Saturday, October 25, 2008

Virginia Creeper

Autumn has now definitely arrived, although temperatures are still very high for the time of year and you can still go out without a coat. But the trees are starting to change colour, and the Virginia Creeper (Parthenocissus quinquefolia) is glorious at the moment.

I love Virginia Creeper. My grandparents used it in their garden to hide the area where they kept the dustbin, and here in Milan it's very common on balconies. People grow it up wires and trellises at the front of the balcony, to shield the house from both the summer sun and the eyes of the neighbours in the buiding opposite. I don't have any, because it would take too much space away from the other things, but I enjoy watching my neighbours' vines turning to brilliant vermilion every winter. Our caretaker, who has to sweep the fallen leaves off the path every morning, may well have a different opinion.
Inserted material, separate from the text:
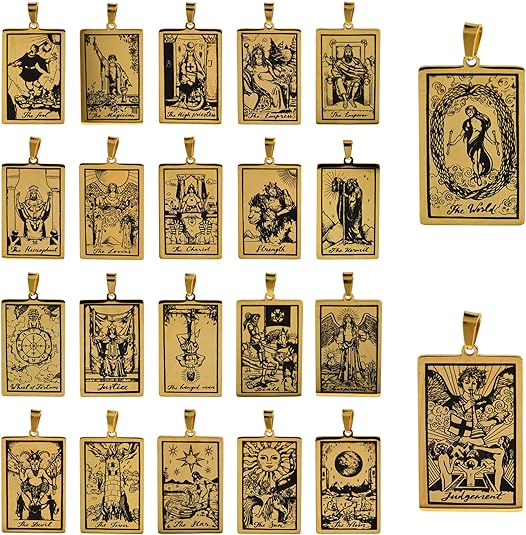 Tarot Card Necklaces - Major Arcana Cards - 4 The Emperor through 7 The Chariot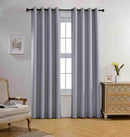 MIUCO Room Darkening Textured Grommet Thermal Insulated Blackout Curtains for Doors Set of 2 52x95 Inch Long Silver by TinyTreasures Baby Boutique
On a balcony it's relatively easy to keep under control, but in a garden it can run riot if you don't cut it back. It can grow to 50 feet, and once established is almost impossible to get rid of, as it spreads from rhizomes. It's quite happy anywhere in zones 3-10 too, so don't bother hoping the weather will do the job for you. If you plant it, you've got to be willing to love it.

On the canal which runs close to us, it's started growing wild. The local authorities always used to keep the canal banks tidied, but in the past few years they've been left to their own devices. And nature has just taken over. The Robinias are leaning drunkenly into the water, with Virginia Creeper wound insidiously around trunks and branches, then drooping downwards so that it almost obscures the tree completely.

Will it eventually kill off the trees if it's not kept under control? The web seems divided, with some sources saying that it will deprive the trees of light and kill them that way, and others saying no, they'll co-exist quite happily.

While I was browsing though, and trying to find out, I came across this bit of information on the meaning of the name at :

Parthenocissus is a backward translation (and a rather lame one, frankly) from the English, with a healthy dose of poetic license. Partheno- means "virgin" (as in "Virginia") and cissus translates as "ivy."

If you weren't already convinced that Latin names are crazy, that should just about do it I reckon.

Sunday, October 19, 2008

Heaths and Heathers

Heaths and heathers - can you tell them apart? I'm not sure. I've pored over the descriptions and photos in my gardening books and on the net, and I'm still not sure what I've got on the balcony at the moment. They were sold as Erica - that is heath - though the variety wasn't specified. But Erica is supposed to have needle-like leaves, and mine are different - to me they look like the leaves of Calluna vulgaris - the Scottish heather or ling. Some species and varieties of Erica don't flower at this time of year, but others do - so that doesn't help.

Does it make much difference? Not really. Calluna is hardier than Erica, but that's not a problem on the balcony, where I can easily protect against the few really cold spells we have. We're in zone 8, and while it can drop well below freezing outside, the warmth from the house means the balcony is far less at risk. I'm more worried about summer heat, and as many species of Erica are limited to southern Europe and Africa, thought it might be a better bet. But no, Calluna vulgaris is supposed to like full sun and be heat tolerant - suitable for US heat zones 4-7. I'm not sure what our heat zone is, but I suspect it's somewhere in that range. Heat zones are based on the number of days per year the temperature rises above 30°C/86F, and for us that means any time mid-June to early September, with the middle six weeks rarely far below. I have to say though that it surprised me. I wouldn't have thought that a plant which chose to grow so abundantly on the Scottish moors would be a sun-lover.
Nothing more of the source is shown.